Long may you illumine space with your marvellous appearances, delays
and enunciations, and may the money of the world glitteringly cover you
as you rest after a long day under the kleig lights with your faces
in packs for our edification, the way the clouds come often at night
but the heavens operate on the star system. It is a divine precedent
you perpetuate! Roll on, reels of celluloid, as the great earth rolls on!
Posted by: David Ehrenstein | August 01, 2011 at 08:32 PM
Elli for example, with whom I had been on bad terms for years. For me it was an orgy of malice and Schadenfreude when you referred to her like this at almost every meal: "Look at the fat cow, she has to sit ten meters from the table," and again when you imitated her, in spiteful and exaggerated fashion as you sat in your chair, without the faintest hint of warmth or humor, but rather with bitter enmity, as if trying to show how terribly she offended your sensibilities.
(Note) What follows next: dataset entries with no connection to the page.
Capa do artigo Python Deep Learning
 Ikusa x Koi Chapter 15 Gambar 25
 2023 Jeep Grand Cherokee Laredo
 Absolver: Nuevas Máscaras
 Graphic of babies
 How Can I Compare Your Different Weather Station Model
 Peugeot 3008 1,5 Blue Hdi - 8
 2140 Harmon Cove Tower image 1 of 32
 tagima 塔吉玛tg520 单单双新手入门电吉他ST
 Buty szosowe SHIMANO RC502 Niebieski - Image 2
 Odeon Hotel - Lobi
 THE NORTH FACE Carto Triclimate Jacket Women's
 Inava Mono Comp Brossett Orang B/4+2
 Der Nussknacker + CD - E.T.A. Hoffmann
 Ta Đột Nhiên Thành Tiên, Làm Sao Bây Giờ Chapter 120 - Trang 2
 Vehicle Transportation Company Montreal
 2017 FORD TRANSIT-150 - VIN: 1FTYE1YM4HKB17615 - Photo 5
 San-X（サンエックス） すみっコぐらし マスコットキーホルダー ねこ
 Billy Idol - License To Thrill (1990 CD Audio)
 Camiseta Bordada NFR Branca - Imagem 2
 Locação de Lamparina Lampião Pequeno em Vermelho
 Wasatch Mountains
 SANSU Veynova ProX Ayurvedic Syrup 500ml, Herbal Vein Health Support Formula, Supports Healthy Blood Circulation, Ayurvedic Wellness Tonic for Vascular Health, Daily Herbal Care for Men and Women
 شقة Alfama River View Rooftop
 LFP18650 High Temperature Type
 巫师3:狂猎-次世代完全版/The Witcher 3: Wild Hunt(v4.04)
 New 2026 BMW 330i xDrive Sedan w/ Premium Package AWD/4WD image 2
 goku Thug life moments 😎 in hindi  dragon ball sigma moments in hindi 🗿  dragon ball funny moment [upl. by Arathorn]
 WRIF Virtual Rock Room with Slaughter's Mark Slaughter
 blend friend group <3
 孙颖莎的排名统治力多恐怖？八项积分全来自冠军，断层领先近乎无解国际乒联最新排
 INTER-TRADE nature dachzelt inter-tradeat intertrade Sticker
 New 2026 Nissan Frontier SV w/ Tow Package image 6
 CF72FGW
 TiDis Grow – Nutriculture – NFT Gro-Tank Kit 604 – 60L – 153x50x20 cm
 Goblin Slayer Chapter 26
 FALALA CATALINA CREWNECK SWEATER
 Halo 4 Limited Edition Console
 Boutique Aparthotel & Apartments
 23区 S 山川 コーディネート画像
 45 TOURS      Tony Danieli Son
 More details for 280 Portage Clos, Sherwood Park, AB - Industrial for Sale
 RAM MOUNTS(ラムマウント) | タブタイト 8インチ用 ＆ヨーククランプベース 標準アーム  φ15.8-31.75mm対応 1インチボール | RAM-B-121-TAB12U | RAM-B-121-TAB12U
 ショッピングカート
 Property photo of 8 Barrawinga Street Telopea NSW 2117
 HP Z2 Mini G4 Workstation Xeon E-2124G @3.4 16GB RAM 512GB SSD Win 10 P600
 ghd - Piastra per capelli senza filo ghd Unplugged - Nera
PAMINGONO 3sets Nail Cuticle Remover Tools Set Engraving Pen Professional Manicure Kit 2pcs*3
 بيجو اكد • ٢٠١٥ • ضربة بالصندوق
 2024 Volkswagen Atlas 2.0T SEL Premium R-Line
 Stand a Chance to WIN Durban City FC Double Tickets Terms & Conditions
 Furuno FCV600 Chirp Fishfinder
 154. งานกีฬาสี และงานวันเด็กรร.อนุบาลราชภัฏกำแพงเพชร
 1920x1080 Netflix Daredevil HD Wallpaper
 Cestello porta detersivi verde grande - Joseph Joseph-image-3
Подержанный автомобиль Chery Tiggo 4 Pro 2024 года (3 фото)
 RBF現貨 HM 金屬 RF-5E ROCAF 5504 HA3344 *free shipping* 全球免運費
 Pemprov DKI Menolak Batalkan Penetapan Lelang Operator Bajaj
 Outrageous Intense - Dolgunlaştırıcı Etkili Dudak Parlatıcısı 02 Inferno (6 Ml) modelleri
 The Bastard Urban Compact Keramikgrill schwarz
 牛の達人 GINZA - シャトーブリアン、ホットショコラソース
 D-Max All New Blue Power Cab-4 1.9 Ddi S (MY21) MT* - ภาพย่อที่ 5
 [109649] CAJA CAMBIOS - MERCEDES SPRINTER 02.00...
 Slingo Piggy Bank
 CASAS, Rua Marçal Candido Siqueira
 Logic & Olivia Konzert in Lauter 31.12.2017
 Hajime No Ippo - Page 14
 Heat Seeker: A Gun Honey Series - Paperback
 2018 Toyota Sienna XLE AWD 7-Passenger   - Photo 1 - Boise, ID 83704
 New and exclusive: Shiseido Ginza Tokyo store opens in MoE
Posted by: cheap nfl jerseys | August 02, 2011 at 04:34 AM
Sometimes, reading Kafka's letters and diaries, I wish I had the ability to transport him to a world in which he could absent himself from his aloneness and family dysfunction by reading his own work with all their paradoxical consolations, as in this zettel from his "Zurau Aphorisms":
"If you were walking across a plain, felt every desire to walk, and yet found yourself going backward, it would be a cause for despair; but as you are in fact scaling a steep precipice, as sheer in front of you as you are from the ground, then your backward movement can be caused only by the terrain, and you would be wrong to despair."
Posted by: Owen Walter | August 02, 2011 at 12:17 PM
Once you've read all of his stuff you can get your hands on, do not miss the illustrated Kafka biography by David Mairowitz and Robert Crumb.